But, wouldn't that indicate that Fitzgerald had information about earlier pertinent conversations between Miller and Libby before asking for such an agreement? Otherwise, why extend the time period? Jane theorizes that Miller could have told Fitzgerald as much when he interviewed her in jail the day before her testimony. It still seems more likely to me that Miller disclosed the June conversation spontaneously in response to another question, and then agreed to look for notes about it. That's a pretty ordinary occurrence. But, if Fitzgerald and Miller really did get down to the nitty-gritty during their jailhouse talk, then perhaps Jane is right.
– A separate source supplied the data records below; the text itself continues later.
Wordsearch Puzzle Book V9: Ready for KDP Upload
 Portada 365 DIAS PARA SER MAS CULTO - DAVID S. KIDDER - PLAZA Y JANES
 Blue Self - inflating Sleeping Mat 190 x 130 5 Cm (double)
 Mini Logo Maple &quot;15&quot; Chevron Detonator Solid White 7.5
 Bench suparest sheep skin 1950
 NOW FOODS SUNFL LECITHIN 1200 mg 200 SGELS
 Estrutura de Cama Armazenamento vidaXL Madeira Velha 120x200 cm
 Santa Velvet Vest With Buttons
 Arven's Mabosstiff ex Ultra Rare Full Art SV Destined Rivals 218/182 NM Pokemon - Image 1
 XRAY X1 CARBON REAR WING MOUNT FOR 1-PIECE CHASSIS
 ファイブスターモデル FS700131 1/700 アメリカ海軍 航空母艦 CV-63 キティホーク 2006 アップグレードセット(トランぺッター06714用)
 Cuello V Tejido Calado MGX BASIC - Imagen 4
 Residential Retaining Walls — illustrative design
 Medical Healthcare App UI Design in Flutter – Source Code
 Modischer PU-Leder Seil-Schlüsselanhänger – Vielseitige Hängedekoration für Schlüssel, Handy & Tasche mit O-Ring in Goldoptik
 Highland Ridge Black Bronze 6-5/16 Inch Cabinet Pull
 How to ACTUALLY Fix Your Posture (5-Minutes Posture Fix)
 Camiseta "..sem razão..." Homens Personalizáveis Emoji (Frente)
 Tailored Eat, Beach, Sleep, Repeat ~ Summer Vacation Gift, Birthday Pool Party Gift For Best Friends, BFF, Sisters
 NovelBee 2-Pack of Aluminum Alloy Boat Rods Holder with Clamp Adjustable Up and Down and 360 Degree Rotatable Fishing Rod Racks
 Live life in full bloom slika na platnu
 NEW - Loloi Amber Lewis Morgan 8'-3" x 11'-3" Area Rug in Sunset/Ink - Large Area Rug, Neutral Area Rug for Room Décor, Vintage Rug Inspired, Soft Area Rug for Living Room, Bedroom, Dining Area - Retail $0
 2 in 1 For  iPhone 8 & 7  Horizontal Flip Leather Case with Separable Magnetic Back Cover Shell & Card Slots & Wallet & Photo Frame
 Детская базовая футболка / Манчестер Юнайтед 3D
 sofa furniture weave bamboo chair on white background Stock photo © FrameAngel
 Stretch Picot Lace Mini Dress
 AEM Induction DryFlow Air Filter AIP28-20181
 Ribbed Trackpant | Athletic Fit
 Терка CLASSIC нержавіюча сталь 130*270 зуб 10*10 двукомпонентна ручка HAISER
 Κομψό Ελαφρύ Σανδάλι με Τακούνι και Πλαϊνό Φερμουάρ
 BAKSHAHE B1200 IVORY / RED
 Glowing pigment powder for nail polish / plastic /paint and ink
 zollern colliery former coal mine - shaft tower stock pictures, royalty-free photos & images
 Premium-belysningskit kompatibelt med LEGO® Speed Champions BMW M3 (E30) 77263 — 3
One other possibly unresolved issue comes to mind about Fitzgerald and Libby: Could Fitzgerald still be investigating whether Libby showed Miller a classified document at their meeting on July 8? Waas previously mentioned this possibility when he wrote about the July 8 meeting between Miller and Libby. He pointed out that Miller filed an affidavit with the court stating she did not receive any documents from Libby at the meeting - which was corroborated in court filings by Miller's and the Times' lawyers. Murray astutely noted:

But Miller's affidavit and other court filings by the Times -- and the narrow language contained therein -- did not say whether Miller might have read or reviewed any documents that might have brought to the July 8, 2003, meeting.

What document would that be? One possibility is the June, 2003 classified State Department memo that identified Joseph Wilson's wife, Valerie Wilson, as having been involved in the decision to send Wilson to Niger.

I wonder what Judith Miller had to say about this when she testfied before the grand jury. Did she clear Libby - or did she bury him?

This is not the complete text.